Leser*innenkommentare
lesnmachtdumm
Norm
Dass von normal keine Ahnung hat, wer sich im Sylt-Flieger hat erwischen lassen- eh klar, oder ? www.merkur.de/bild...n-3zfh1Fhc0zb9.jpg Neulich im Rhein-Neckar-Raum mit der Straßenbahn unterwegs: Da wollen se erst Klimereklame machen, auf den Monitoren in der Bahn (Bahn, Bus, Ruftaxi fahren und Klima schützen...), DANN kommt (in derselben Straßenbahn!) Reklame für Direktflüge nach Sylt und sonstigen deutschen Inseln. Normal oder ?
DiMa
Die Menschen fahren auch gerne mal in den Zoo, nur leben wollen sie dort noch lange nicht. Die Menschen schauen auch gerne liebend gerne Horrorfilme, nur erleben wollen sie den Horror deshalb noch lange nicht.
Was Herr Merz mit seiner bildhaften Ansage meinte war die Disfunktionalität des Staates, den man in Kreuzberg sehr anschaulich erleben kann. Dies hat auch unmittelbar gewirkt, den der Kanzler hat unverzüglich den Deutschlandpakt ausgerufen.
Wenn man also arm und dreckig als Tourist erleben will, dann mag das schön und gut sein. Ich persönlich bin aus Kreuzberg wegen dieser Dysfunktionalität weggezogen. Die damalige Bildungsstadträtin Monika Herrmann hatte sich geweigert, eine Privatschule in der Gerhart-Hauptman-Schule einzuruichten. Und der Rest ist typisch kreuzberger Geschichte.
Jim Hawkins
In einer vielfach gespaltenen Gesellschaft gibt es eben viele Normalitäten. Die Durchlässigkeit ist allerdings wohl eher temporärer Natur. Und findet, wie beschrieben, eben nur im Urlaub statt.
Wanderer zwischen den Welten sind selten.
Ich habe ab und an Besuch aus München. Ich überlege mir im Vorfeld schon, was das schlimmste, aber auch interessanteste sein könnte, das ich ihnen zeigen kann.
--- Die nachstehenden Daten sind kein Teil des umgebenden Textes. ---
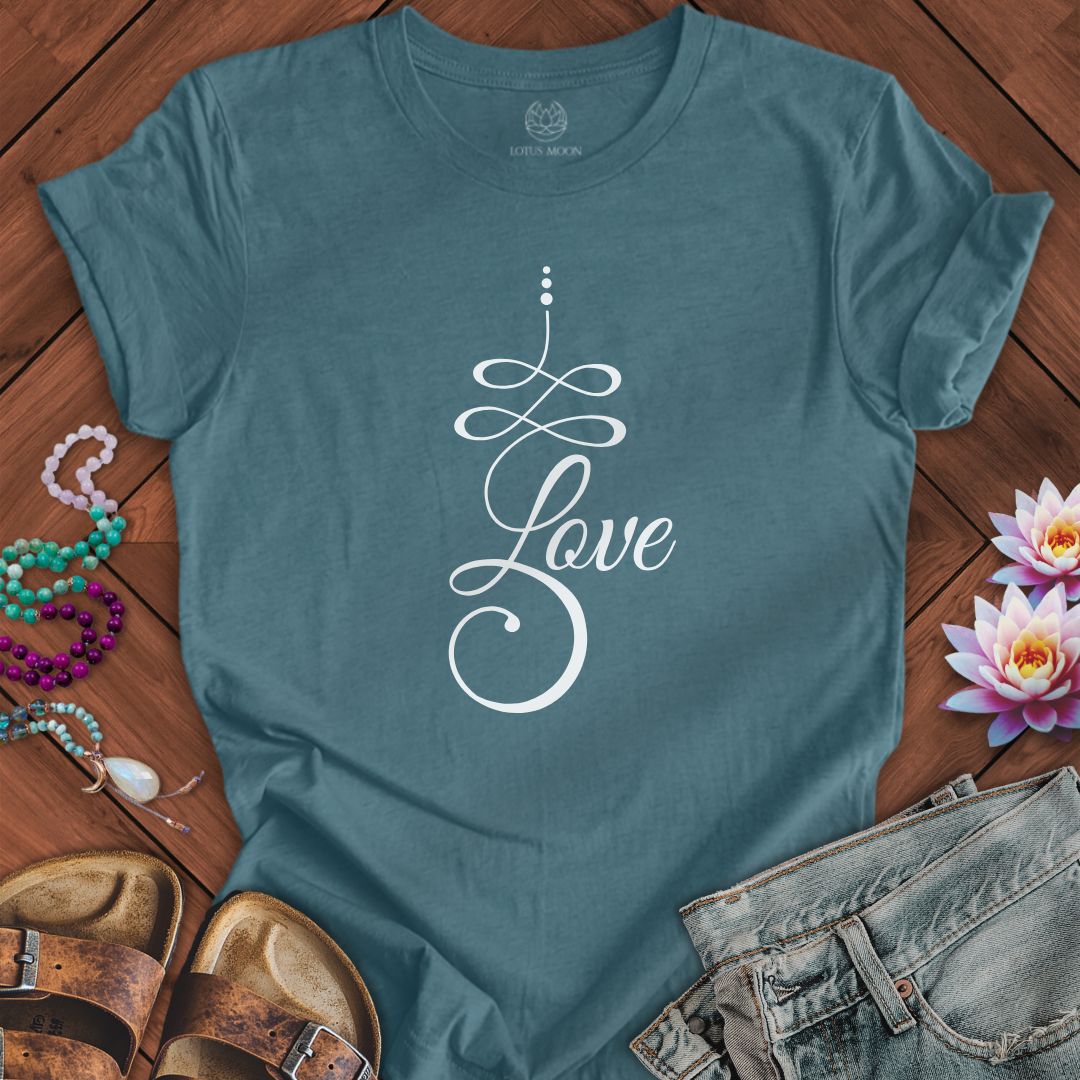 Unalome Love Tee Heather Deep Teal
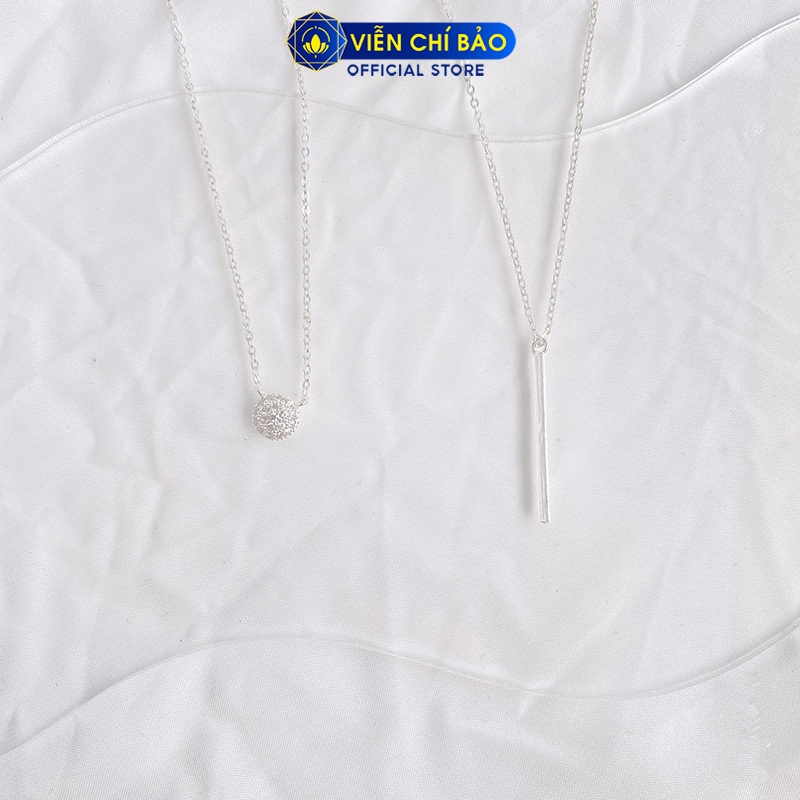 Dây chuyền bạc nữ 2 tầng mặt tròn chất liệu bạc 925 thời trang phụ kiện trang sức nữ Viễn Chí Bảo D400348x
Das Revolutionskaufhaus in der Manteuffelstraße, offene Drogenszenen, vielleicht eine Demo, die brenzlig werden könnte. Im Gegenzug werde ich in München in die Forschungsbrauerei geschleppt und muss übertriebene Bergwanderungen aushalten.
That's life.
Lowandorder
@Jim Hawkins 🏴☠️ - „übertriebene Bergwanderungen“ auf dem flachsten Teller cis/trans alpina?
Alter. Mach Bosse!;)))
Jim Hawkins
@Lowandorder Die sind einfach so sportlich, immer optimistisch und trinken nicht viel.
Wenn schon wandern, dann in Brandenburg, auf Fontanes Pfaden oder zu Görings Carinhall.
In einer Landschaft, in der ein Buckel mit 50 Metern als Berg gilt.